Friday, January 22, 2010

So what is your Eschatology?

I have recently been working on updating my ministry resume, which means I am also reading through a doctrinal statement I wrote up before I attended seminary. Fascinating it is how some of my theology has become more honed through my seminary career and how other points have become more vague. Well, one point anyways.

Coming out of a very fundamental Baptist background, it is no surprise that my original doctrinal statement was very specific in regards to a pre-tribulation rapture and pre-millennial eschatology. Today, it is different. It is not that I am no longer “pre-trib/pre-mil,” but that I take a different path; the path of the “I don’t know” view. The reason is simple. Our interpretation, when we are honest, is a best guess understanding of Scripture based on our own presuppositions and approach to exegesis. This is not far off from what the Jews of the 1st century also did. They looked at their present surroundings, looked at the Scriptures, looked at the prophecies, and made interpretations and formed expectations as a result. Yet, as we well know, they were wrong. Today we are dealing with a form of literature which we are not fully sure about what a correct interpretive method would be. So how is it we can be so adamant about our personal eschatological views?

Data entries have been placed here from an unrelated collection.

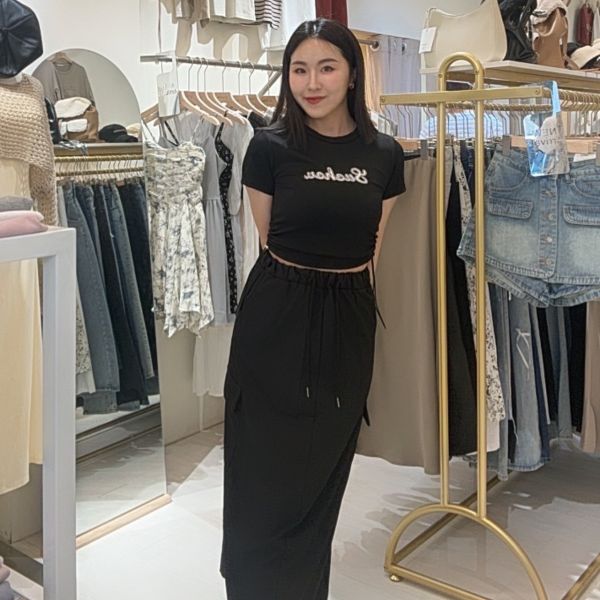抽繩工裝裙套裝 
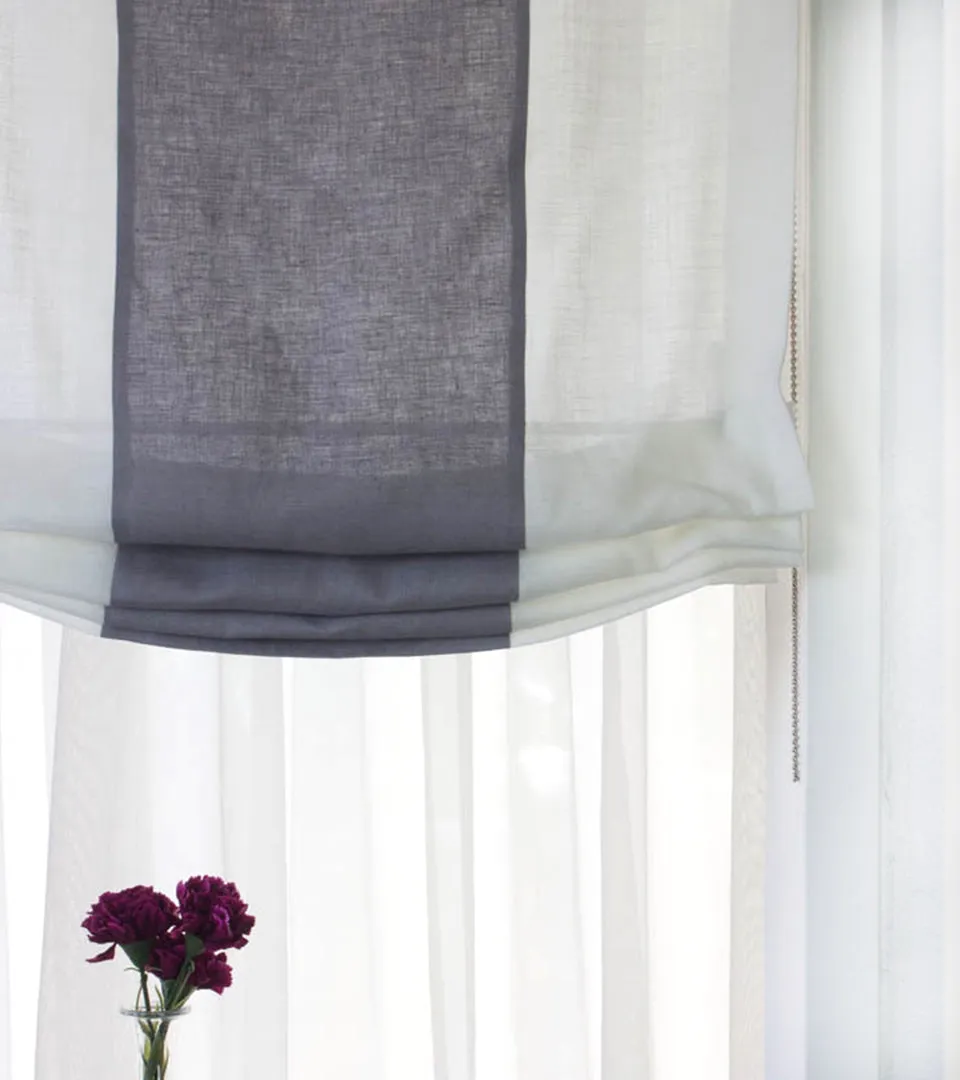 White Light Grey 2 Color Combo Linen Relaxed Roman Shade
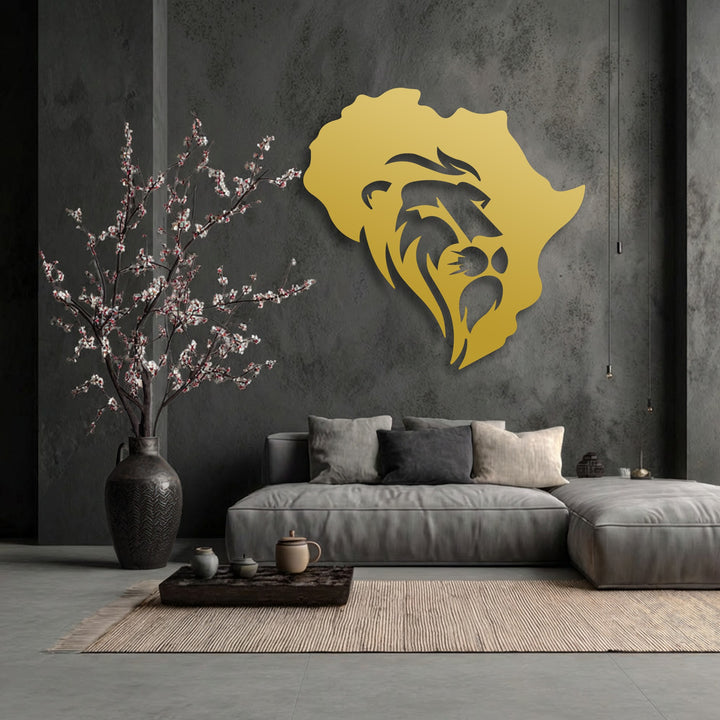 Cool, muted color temperature with striking warm accents from the Africa Map Lion Metal Wall Art, serving as captivating decoration wall art.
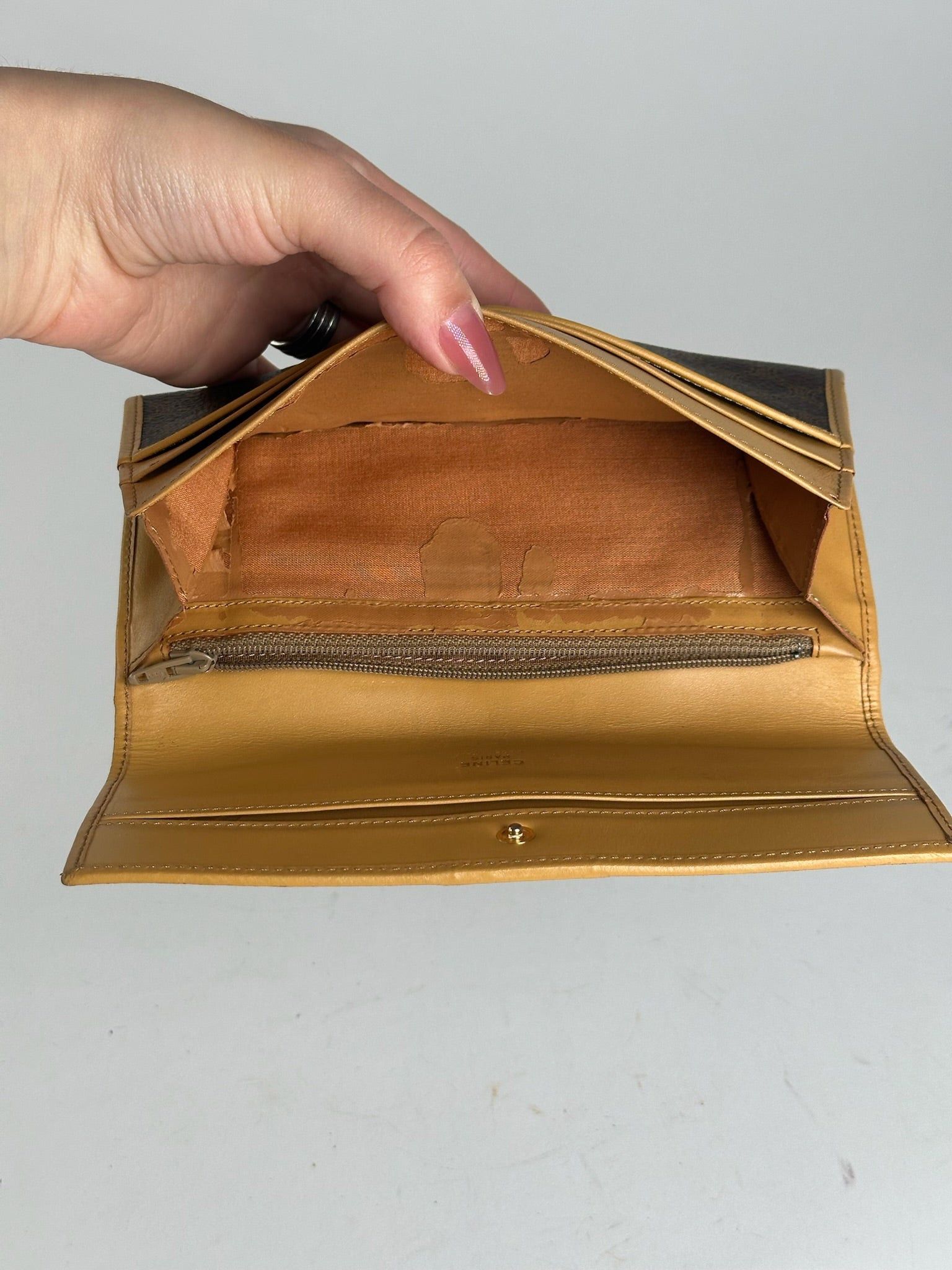 Celine Vintage Paris leather monogram wallet brown Size ONE SIZE - 7 Thumbnail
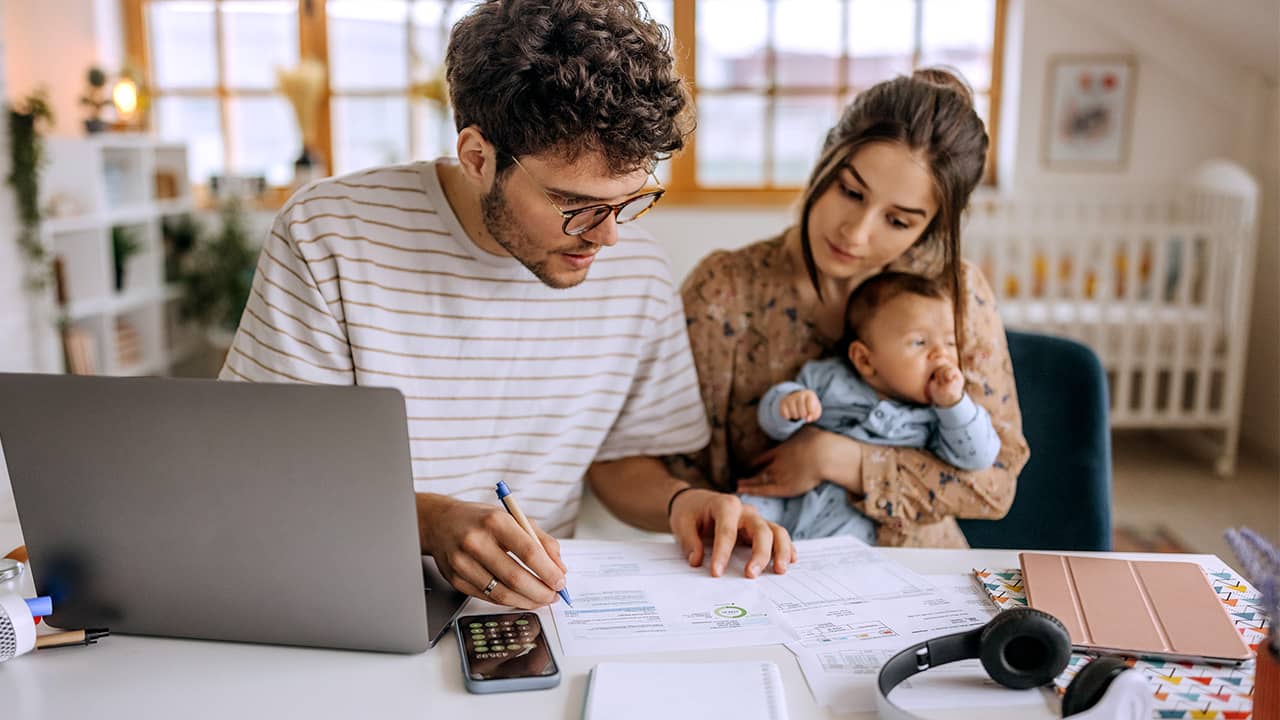 parents reviewing financial plan for their child's future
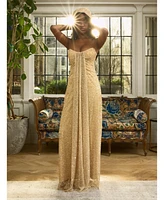 Miss Circle Women's Ada Gold Rhinestone Embellished Strapless Gown with Head Scarf
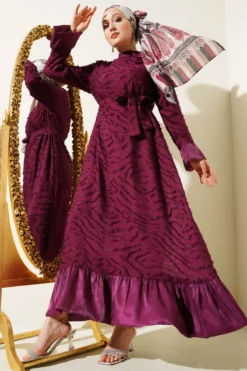 Tulle Detail Flared Dress Burgundy al por mayor dress - Hicabistan fábrica Turquía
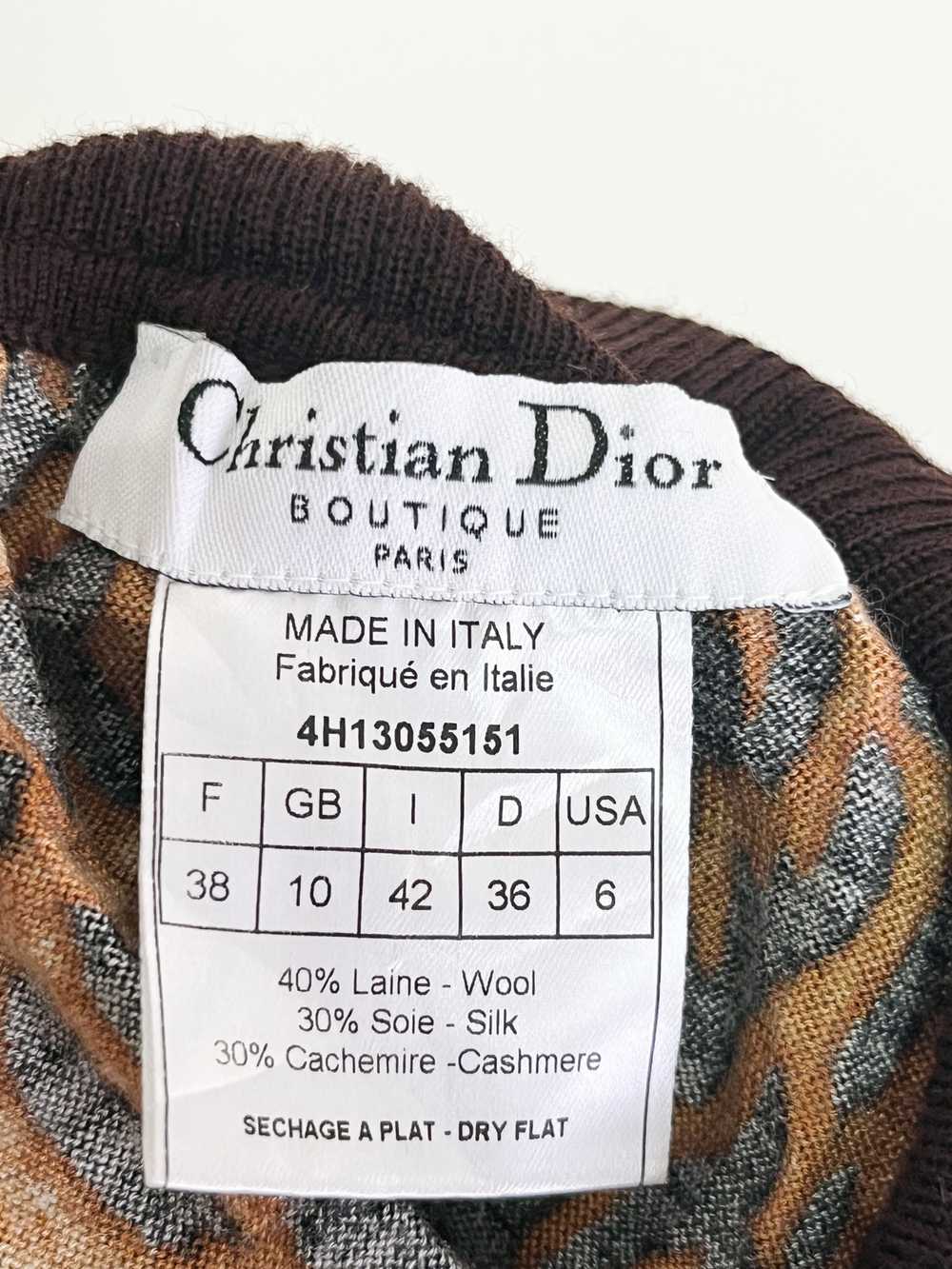 Dior Christian Dior Leopard Long Sleeve Brown Blo… - image 8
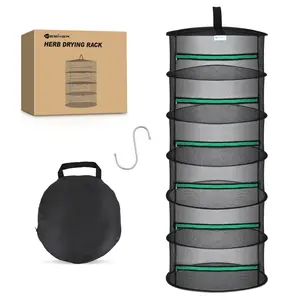 Yesker 6 Layer Herb Drying Rack Hanging Mesh Net Foldable Plant Drying Racks 24" Diameter with Green Zipper & Hook Dryer Hanging Rack for Herbs Seed Bud Fruit Clothes Grow Tent Closets Garden Outdoor fathersdaygift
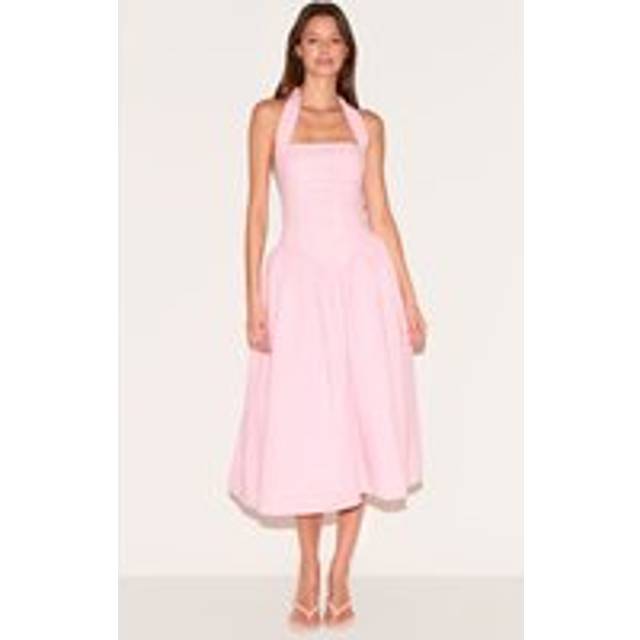 Candy Pink Embroidered Cotton Halterneck Midaxi Dress, Pink - 12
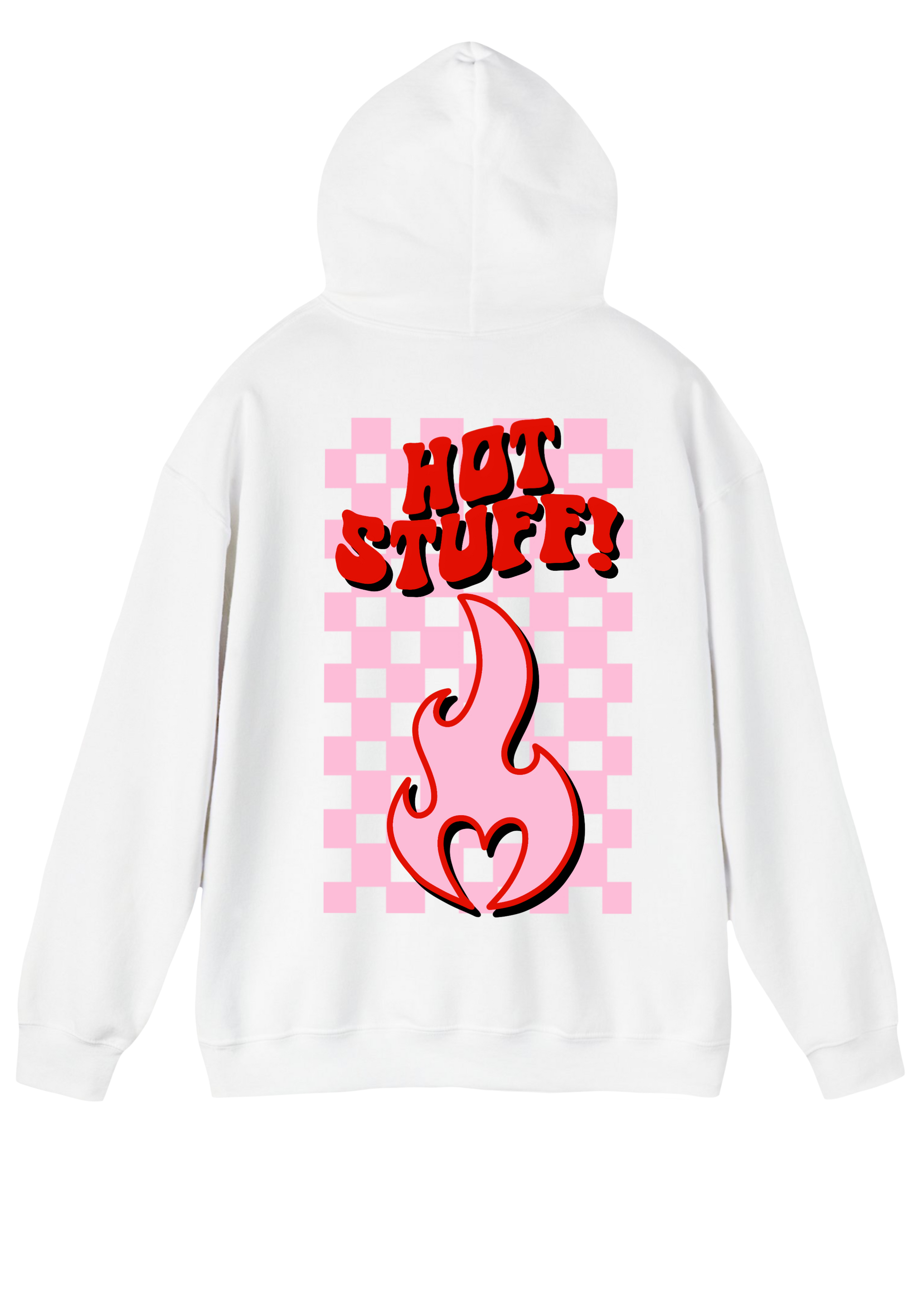 Hot Stuff White Hoodie - Puff Berry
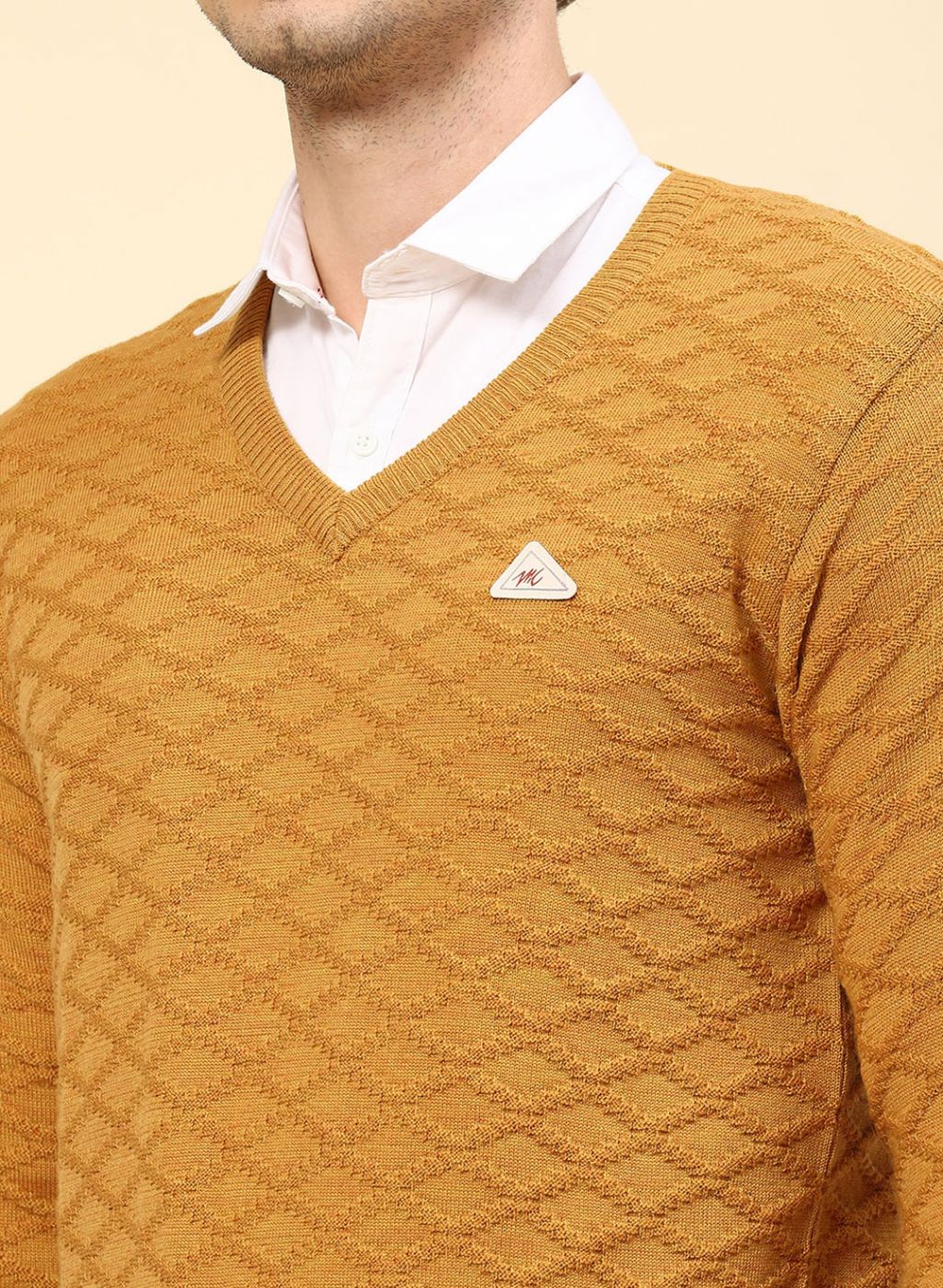 Men Mustard Self Design Wool blend Pullover - Image 6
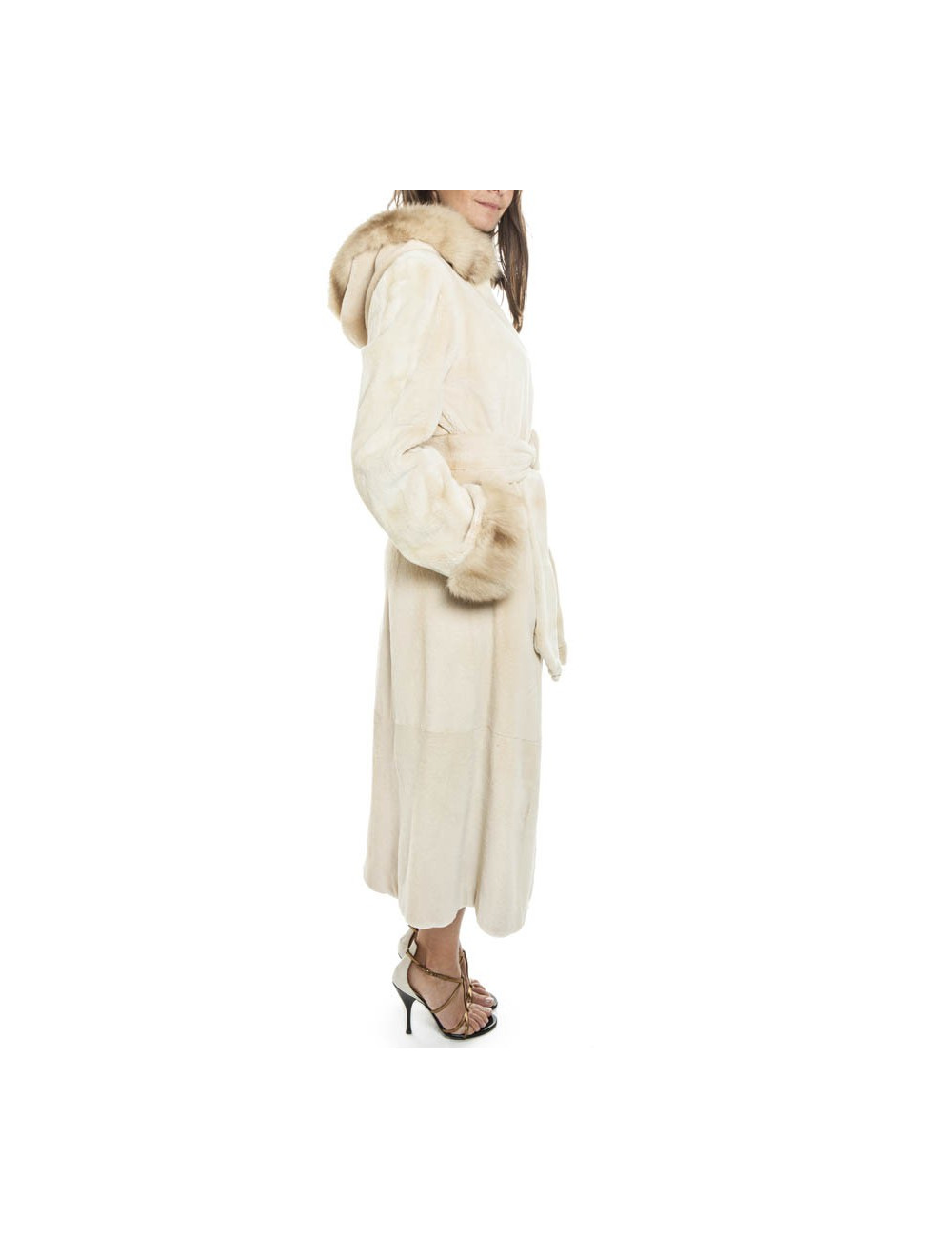 MILADY long coat in beige mink and sand Size 42EU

Therefore, the best approach is to remain somewhat vague and humble in our conclusions. What I say today is there are some things we are certain about, and others we are not. Best guess scenario; I do still fall in line with a pre-trib/pre-mil view. But the only thing I would say is absolutely certain is Christ will one day return in judgment, and those who are his will be with him for eternity and those who are not will be cast into eternal judgment known as hell. What more really needs to be said? After all, Jesus did say we will never know neither the hour nor the day, but instead we are to be ready always.